* **Problem requirements**
Exact copies of all entries are needed. Pictures are to be left out.

[Input data]

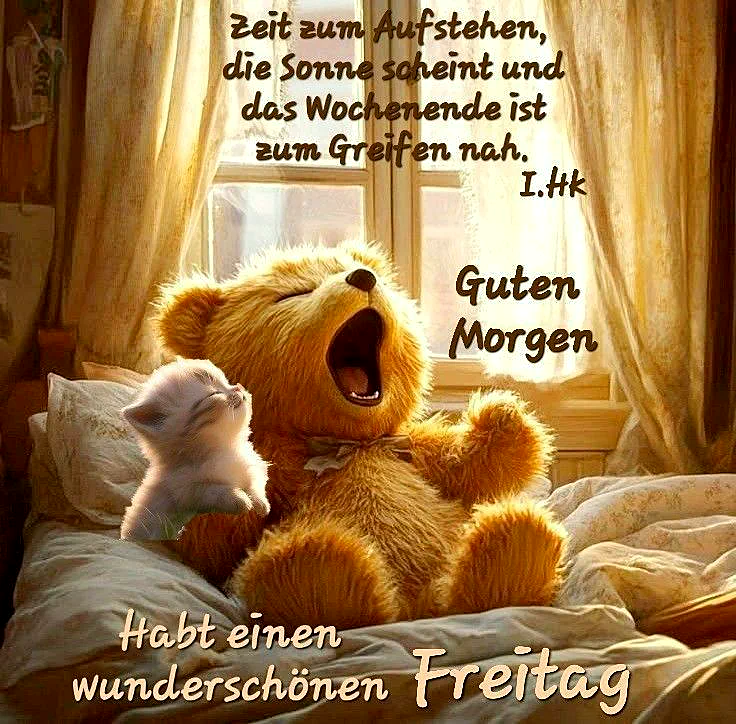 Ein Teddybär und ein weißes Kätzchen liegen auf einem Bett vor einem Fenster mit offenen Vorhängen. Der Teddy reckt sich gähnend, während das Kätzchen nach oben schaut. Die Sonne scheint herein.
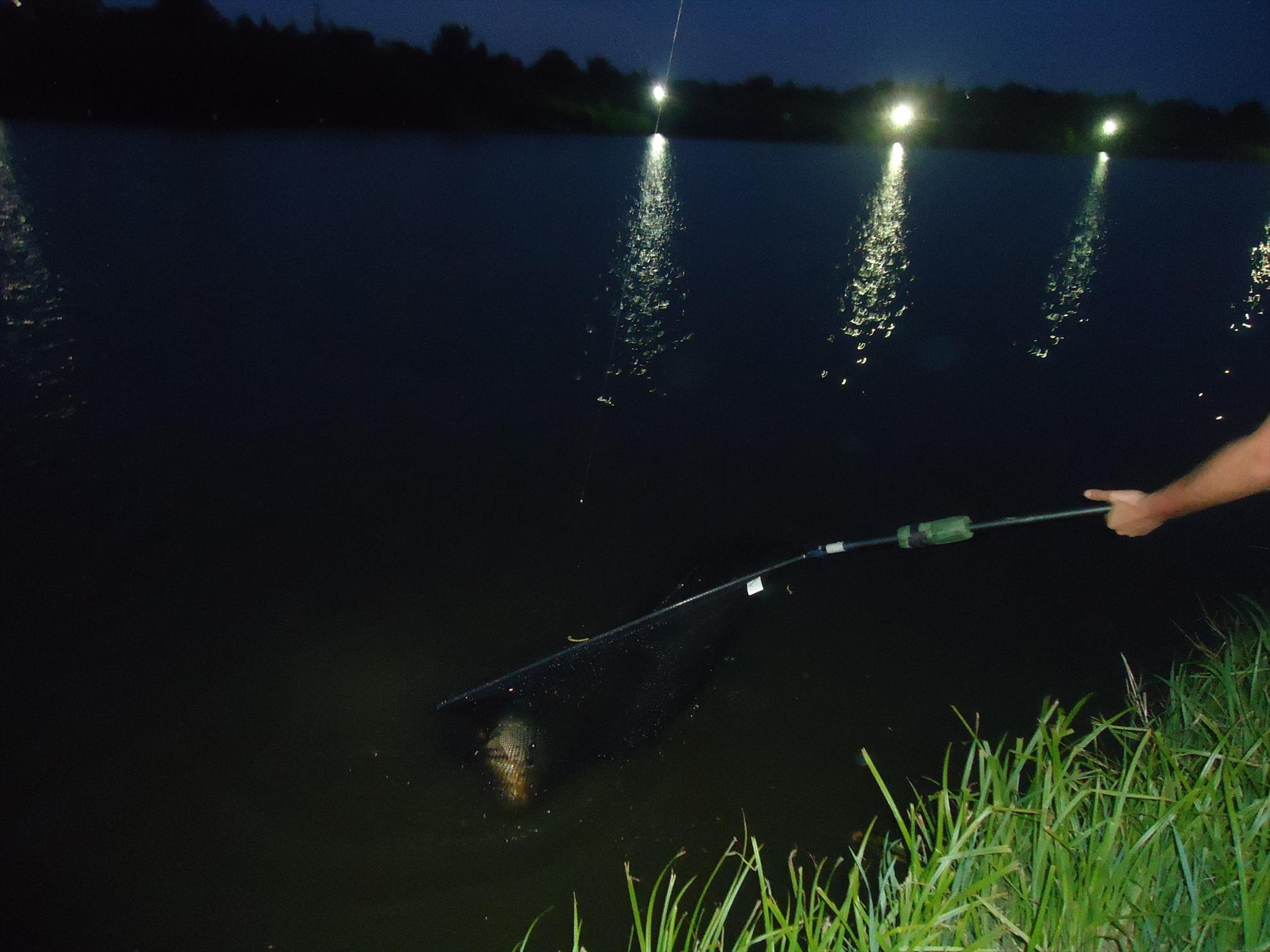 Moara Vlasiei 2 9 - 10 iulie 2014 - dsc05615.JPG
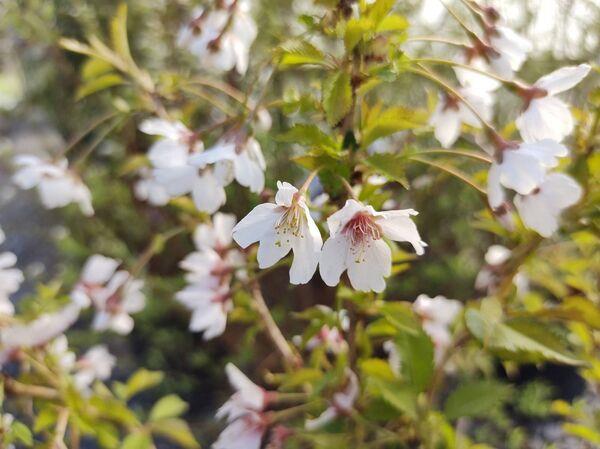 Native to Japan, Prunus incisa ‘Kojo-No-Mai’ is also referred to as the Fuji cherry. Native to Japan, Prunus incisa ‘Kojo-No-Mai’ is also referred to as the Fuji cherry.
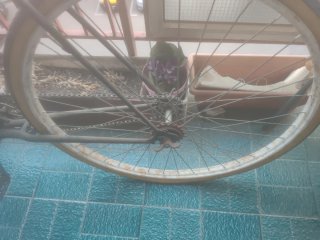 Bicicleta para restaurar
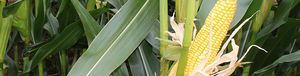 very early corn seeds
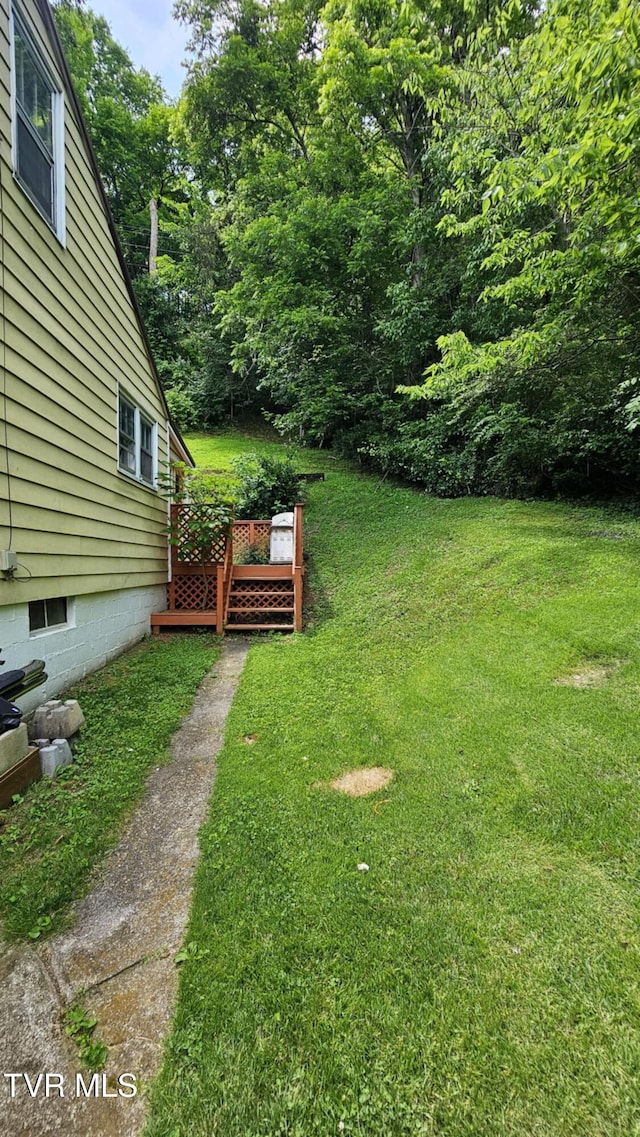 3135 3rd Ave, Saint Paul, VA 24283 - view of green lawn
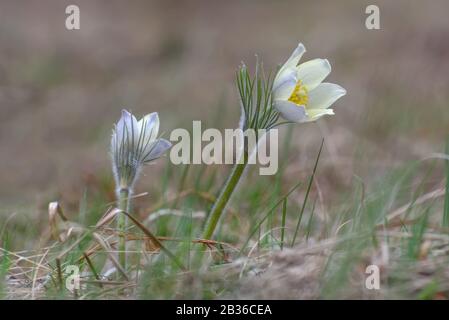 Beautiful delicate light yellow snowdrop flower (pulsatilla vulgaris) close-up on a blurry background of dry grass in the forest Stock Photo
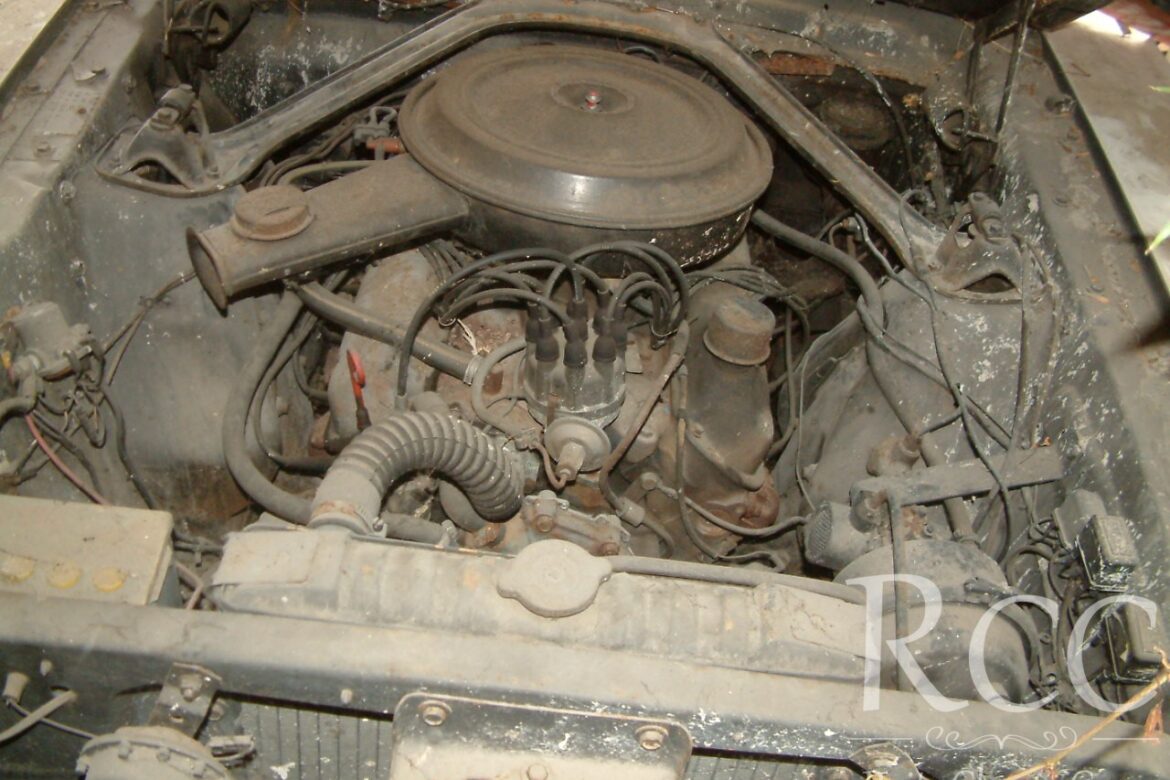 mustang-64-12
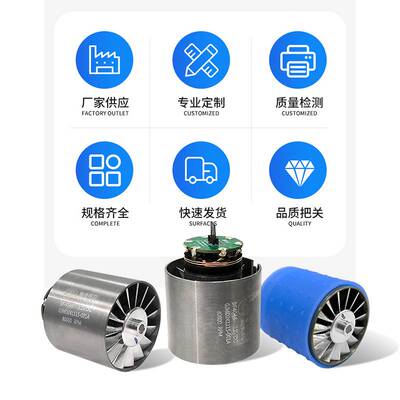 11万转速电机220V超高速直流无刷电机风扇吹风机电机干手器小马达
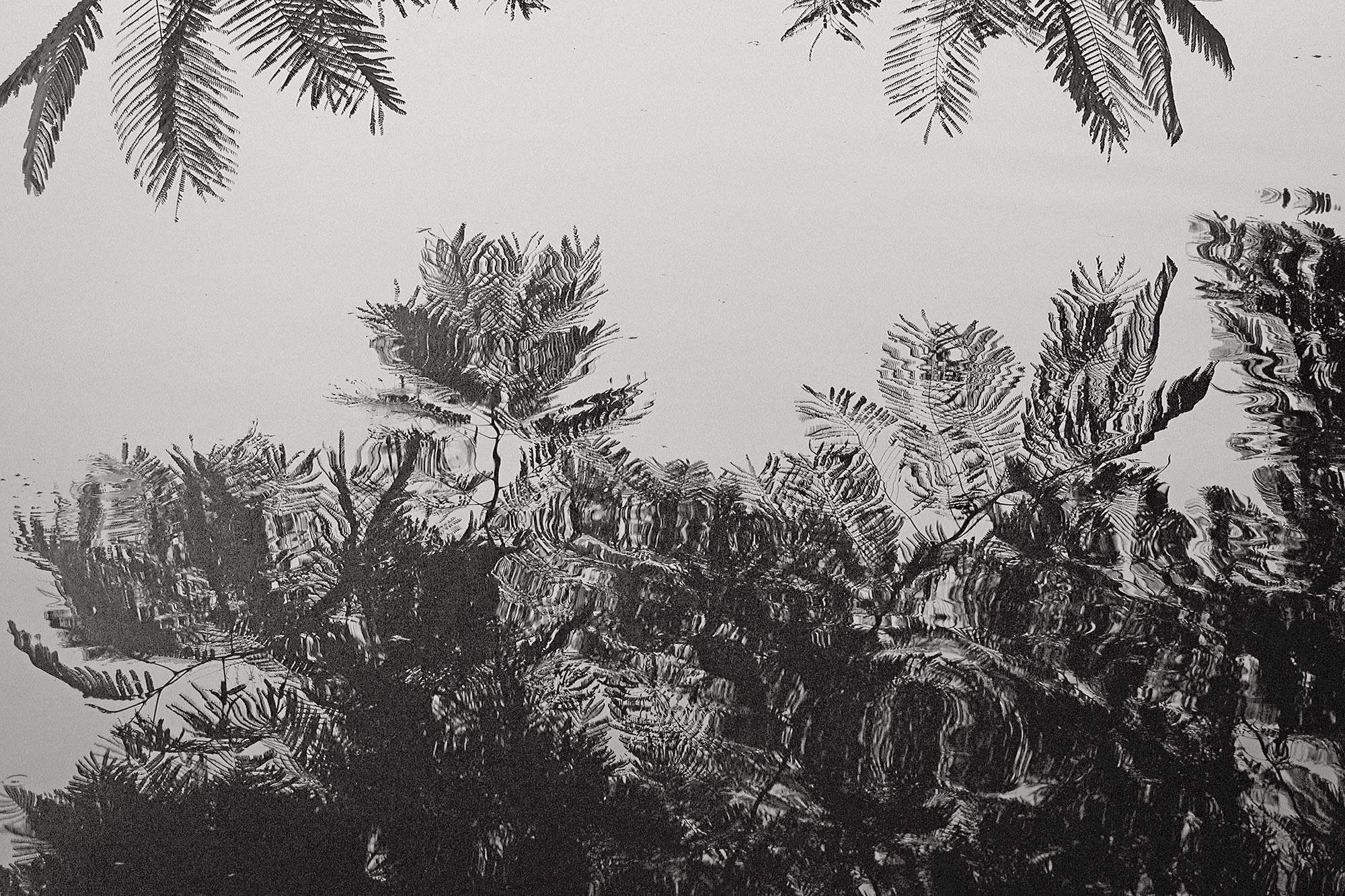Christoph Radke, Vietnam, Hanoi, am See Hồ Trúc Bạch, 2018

[/Input data]

* **Result**
 Ein Teddybär und ein weißes Kätzchen liegen auf einem Bett vor einem Fenster mit offenen Vorhängen. Der Teddy reckt sich gähnend, während das Kätzchen nach oben schaut. Die Sonne scheint herein.
 Moara Vlasiei 2 9 - 10 iulie 2014 - dsc05615.JPG
 Native to Japan, Prunus incisa ‘Kojo-No-Mai’ is also referred to as the Fuji cherry. Native to Japan, Prunus incisa ‘Kojo-No-Mai’ is also referred to as the Fuji cherry.
 Bicicleta para restaurar
 very early corn seeds
 3135 3rd Ave, Saint Paul, VA 24283 - view of green lawn
 Beautiful delicate light yellow snowdrop flower (pulsatilla vulgaris) close-up on a blurry background of dry grass in the forest Stock Photo
 mustang-64-12
 11万转速电机220V超高速直流无刷电机风扇吹风机电机干手器小马达
Christoph Radke, Vietnam, Hanoi, am See Hồ Trúc Bạch, 2018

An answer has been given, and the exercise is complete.